Max Mallowan's dig in Nimrud lasted until 1958 when he returned to England.
After his retirement from the field Max took up writing about his discoveries
in Iraq and Iran. More importantly, I learned, he had founded the British
Institute of Persian Studies in 1962. As a result he made numerous visits
to Iran and worked closely with British and Iranian colleagues in Tehran,
something that did not go unnoticed by the Shah of Iran.
Among the surprises in Room 5, were two medals from Iran and a letter
from Buckingham Palace dated 8th December, 1977. It read: "Sir, I have
the honour to inform you that the Queen has been graciously pleased to grant
to you unrestricted permission to wear the insignia of Order of Homayoon,
Class 2, which has been conferred upon you by His Imperial Majesty, Mohammed
Reza Shah Pahlavi Arya Mehr, Shahanshah of Iran in recognition of your services."
While Agatha continued to enjoy her success as one of the world's most
famous crime writers, Max went on to teach at Oxford. He was knighted in
1968 and in 1973 he was appointed a Trustee of the British Museum.
Towards the end of the exhibition a certain sadness had taken over as
we read how in her last years Dame Agatha had led a modest life, living
quietly and privately, enjoying books, music, flowers, her house in South
Devon, garden and friends. She died on 12 January 1976 at Winterbrook, just
after luncheon, and was buried in the churchyard at Cholsey, nearby.
Her death left Max with "a feeling of emptiness after forty-five
years of a loving and merry companionship." In September 1977 Max Mallowan
married his old friend Barbara Parker who had been the epigraphist at Nimrud.
He died the following year on 1st August 1978.
It was half-past five and as we came to the end of the exhibition
it was clear to my wife and I that the contents of Room 5 with its wide
range of objects over 200 including diaries, photos, Hollywood sketches
of costumes for movies based on her novels, and previously unseen films,
shot by Christie herself, had revealed a unique personality who had combined
writing with the reality of archaeological excavation and oriental travel.

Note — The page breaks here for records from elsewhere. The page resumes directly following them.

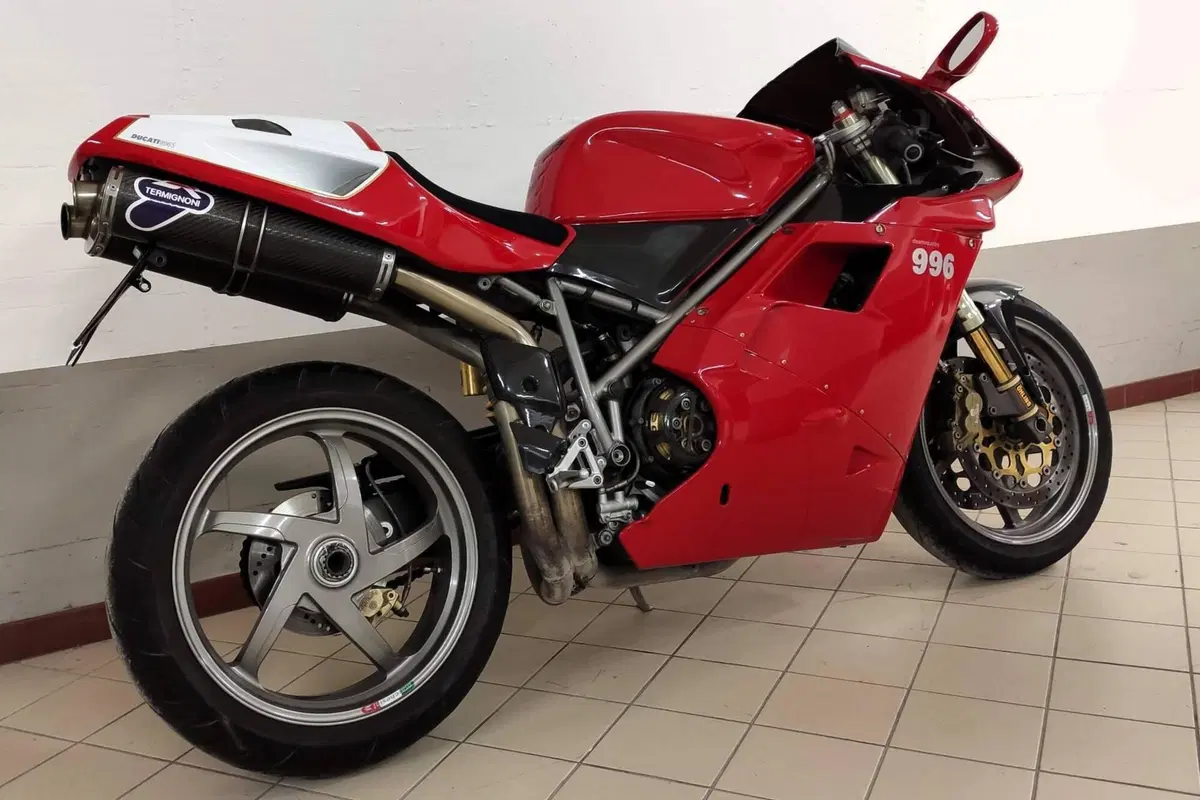 Ducati 996 S (2001) (4)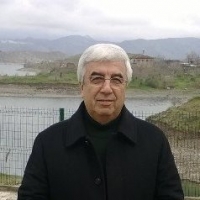 Fatih Dulkadiroğlu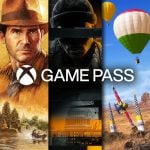 xbox-game-pass-20250731-351329-header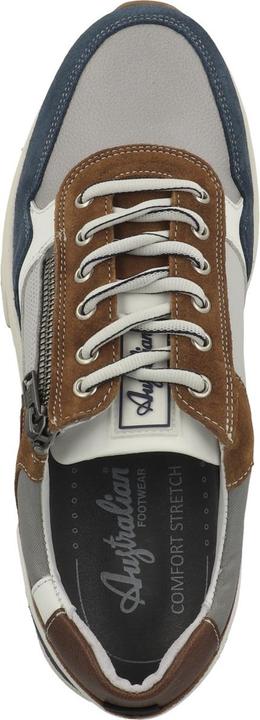 Produktbild Australian Footwear Connery - 66729 (47)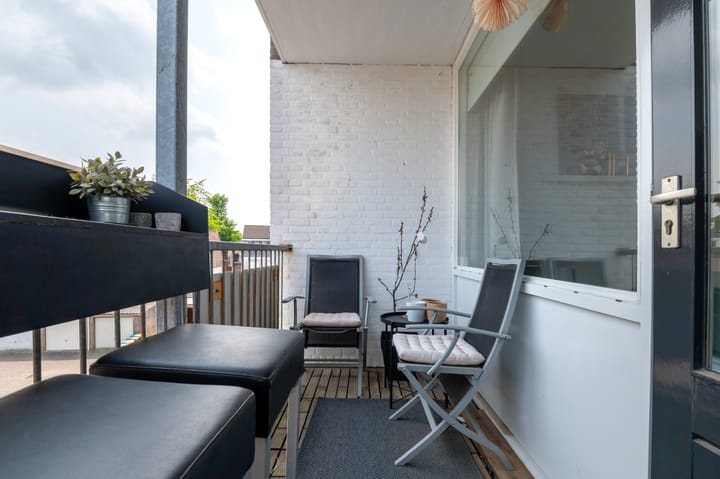 Foto 17 van Piusstraat 26-25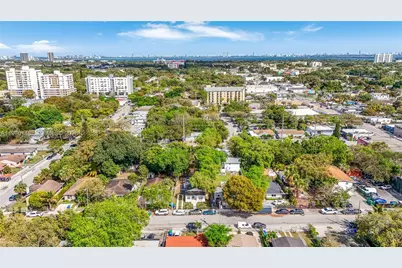 5511 NW 4th Ave, Miami, FL 33127 - Photo 25
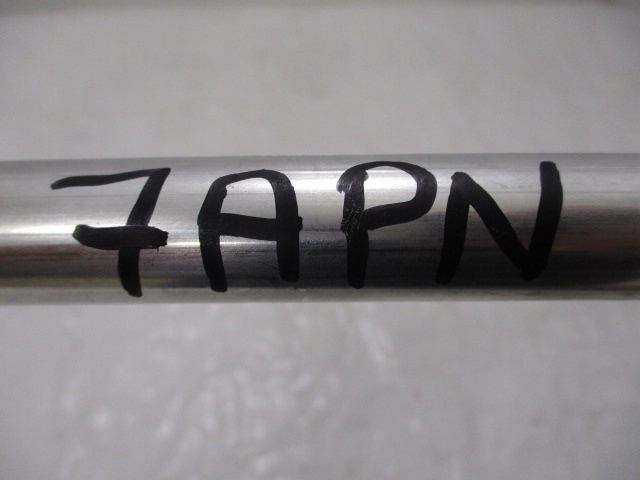 фото №10, C3 iii 1.2 thp шланг кондиционера новый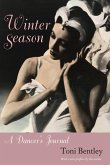 Winter Season (eBook, ePUB)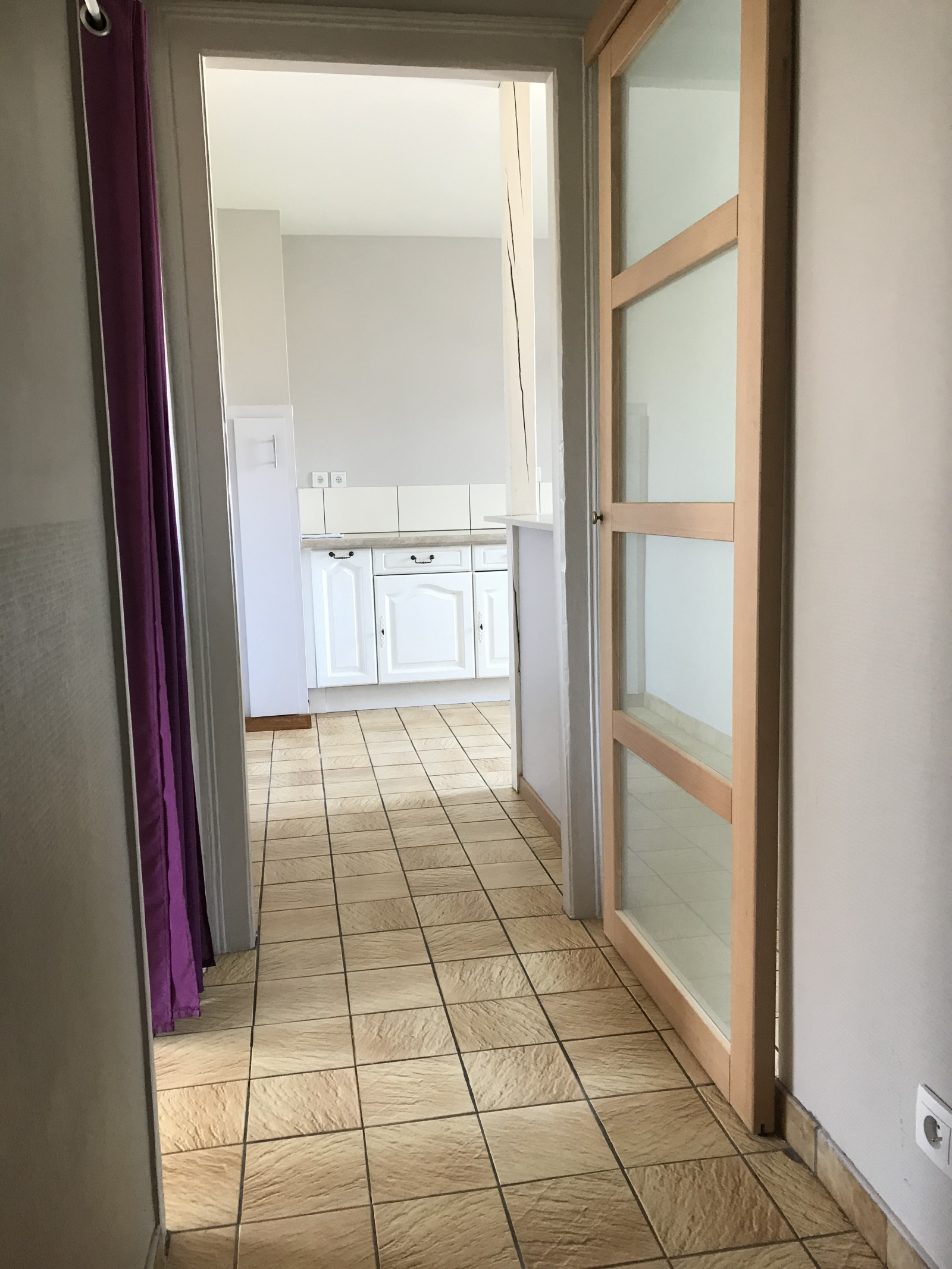 Image_, Appartement, Valdoie, ref :1980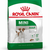 Royal Canin Suva hrana za pse Mini Adult 2kg.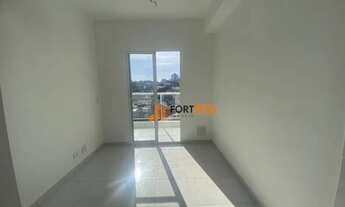 Imagem 4: Studio com 1 dormitório à venda, 33 m² por R$ 295.000,00 - Vila Carrão - São Paulo/SP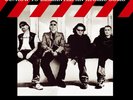 U2 - How To Dismantle An Atomic Bomb - 180gram Vinyl LP & D/L *NEW & SEALED*
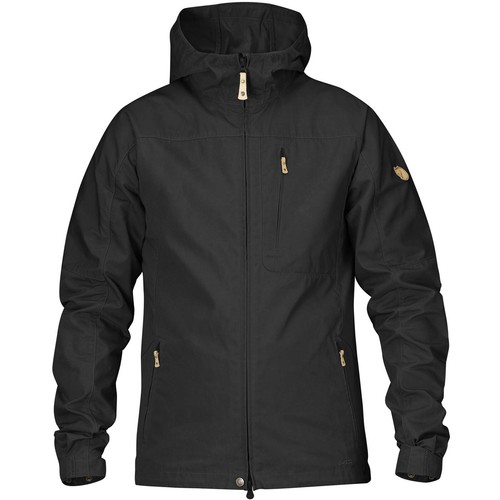 Fjällräven sten - fjällräven,
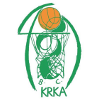 https://img.gettyours.com/img/basketball/team/78f34f2c7bb8aa34ef93df11d9951747.png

Agatha Christie as far as we were concerned had in her lifetime held a certain
dialogue with civilizations different from hers and yet rooted in antiquity
Outside the museum in the main courtyard, my wife Shuhub and I toured
the inside of the voitures-lits and marvelled at the exquisite compartments
of the Orient-Express train promising each other a trip one day on the real
thing. Later on the way home we imagined our own personal travels from our
sunny childhoods in Shiraz and Baghdad to another existence in London.

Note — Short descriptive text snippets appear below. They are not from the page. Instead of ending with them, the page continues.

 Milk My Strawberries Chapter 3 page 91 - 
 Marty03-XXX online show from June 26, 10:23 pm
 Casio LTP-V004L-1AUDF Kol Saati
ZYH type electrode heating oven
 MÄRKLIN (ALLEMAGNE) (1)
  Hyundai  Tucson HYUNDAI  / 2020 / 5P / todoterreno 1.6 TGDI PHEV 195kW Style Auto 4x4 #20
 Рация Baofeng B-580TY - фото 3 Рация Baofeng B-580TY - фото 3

We recalled how we had fallen in love among the Babylonian and Persian
statues in the British Museum. We talked about the past and how once we
had wanted to be archaeologists and how despite this unfulfilled dream we
still longed to revisit our lost cities. We imagined a day when we would
stroll together among the eternal ruins of Persepolis and Ctesiphon.
Then the words of Agatha Christie haunted us. "Never," she
warned, "go back to a place where you have been happy. Until you do
it remains alive for you. If you go back it will be destroyed."